I purchased the Hemingway Tools kit for the Retracting Tool Holder. What you receive are excellent drawings plus the article originally done by the designer G. Thomas, and all the blank steel components as well as the screws, drill blanks for pins etc. Naturally the screws are British thread, not Imperial nor Metric. Since I do not have the taps to thread for these, I replaced them with regular 6x32, 8x32, and 10x24 hardware. I used a knob and handle shaft that I had on hand, instead of cutting a steel ball for the knob.
Total time to finish the build was about 10 hrs. As I did the milling on a light mill I had to take more time than if I had used the BP at work. I have included some pics of the completed holder, before I do the metal treatment to complete the job. I set it up to be used in a Phase II/Aloris clone holder. There is enough meat to cut a vertical dovetail to fit the tool post directly, I would do that if I did this again.
Next week I will beadblast the outer surfaces and do a Phosphate coating to protect the metal.


----------



## billinecin (Jun 13, 2011)

Very nice. I think I need one of those!

Bill


----------



## pdentrem (Jun 13, 2011)

Yes I have his site on the short favorites list. I have looked at that dog clutch setup. Once I finish a few other projects that will be looked at more seriously.


----------



## pdentrem (Jun 18, 2011)

Here is the completed holder after the metal was beadblasted and phos coated and pins installed and the handle clocked for full movement.


----------



## gmcken (Aug 11, 2017)

Great work  This is on my to make list


----------



## brino (Aug 11, 2017)

Great project.
Thanks for sharing!
-brino


----------



## higgite (Aug 11, 2017)

pdentrem,

If you’re still following this thread, how has the tool worked out for you? Have you used it much? What  size machine(s) have you used it on? I keep waffling back and forth between ordering one of those for threading or making a pivoting tool holder.

Tom


----------



## larry4406 (Aug 12, 2017)

Nice looking tool!

I am a total newbie to machining.  What exactly does this do and what are its advantages?


----------



## brino (Aug 12, 2017)

larry4406 said:


> What exactly does this do and what are its advantages?



Hi @larry4406 ,
The retractable tool holder is mostly used when single-point thread cutting on the lathe. Threads are too deep to be cut in one pass, and so require you to make several passes each taking off a little material. Normally, with a regular tool holder you would make one pass (right to left) and then have to turn either the cross slide or compound slide to retract the threading tool so that the tool does not contact the work piece, then move the carriage back to the start, then advance the tools back to where it was plus the depth of the new depth of cut (DOC).

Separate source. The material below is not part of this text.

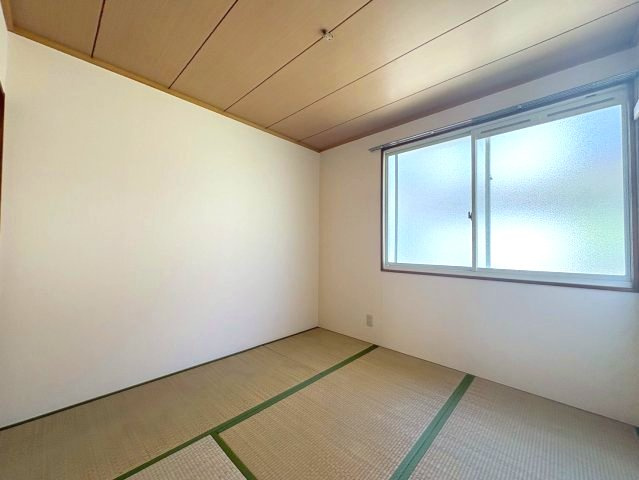 グリーンヒル小金台B棟の和室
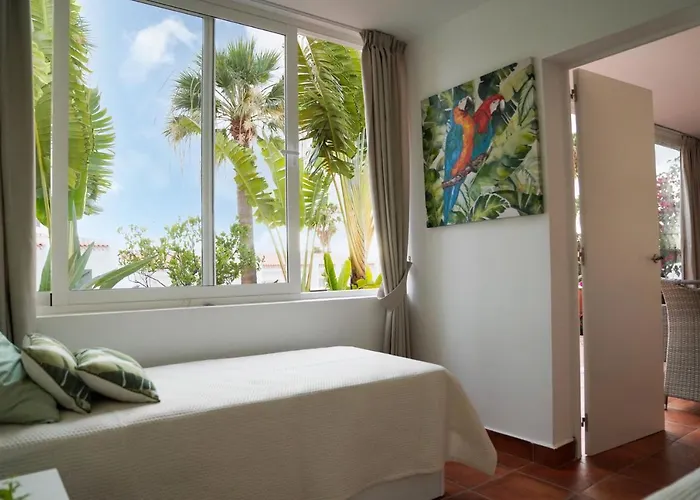 In The Garden アパート *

With the retractable tool holder you use that lever to retract the tool back so that it will not contact the work when you move the carriage back to the start. When back to the start use the lever again to put the tool right back to the previous depth, then advance the tool a little for the new DOC.

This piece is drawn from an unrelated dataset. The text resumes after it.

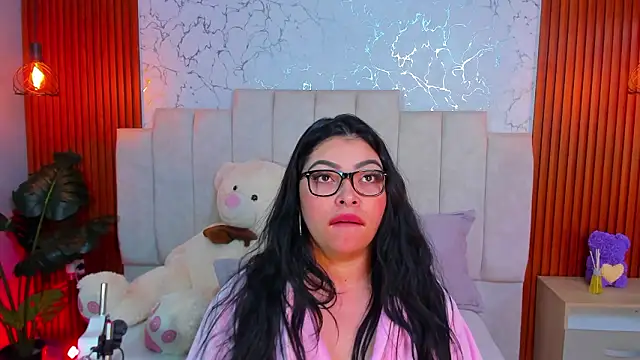 EmaBakker online show from March 13, 2026, 5:40 pm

It means you do not need to remember or write down the original dial setting while thinking about the order of operations and trying to remember what thread-dial line to re-engage the carriage feed.

-brino


----------



## larry4406 (Aug 12, 2017)

Brino - that makes perfect sense.  Thank you.  Quite clever.


----------



## pdentrem (Aug 12, 2017)

Works fine. It is a bit different if one is used to retracting the top slide like I am. Once I tried a few practice runs, it does make threading simpler as now just flip the lever back as you release the half nuts and reset the carriage, flip the lever forward and feed in if required, engage the half nuts.


----------



## Cadillac STS (Aug 13, 2017)

There are various types of retractable threading tools.  

One advantage of the retractable tool is you never have to release the half nuts.  Some lathes don't even have half nuts to release.  Just retract, reverse direction to move the cross back, turn in on the cross slide, put back the retract and take another cut.  So don't need to look at the threading dial (If you have one to look at), never being off the mark because you never let go the lead screw.


----------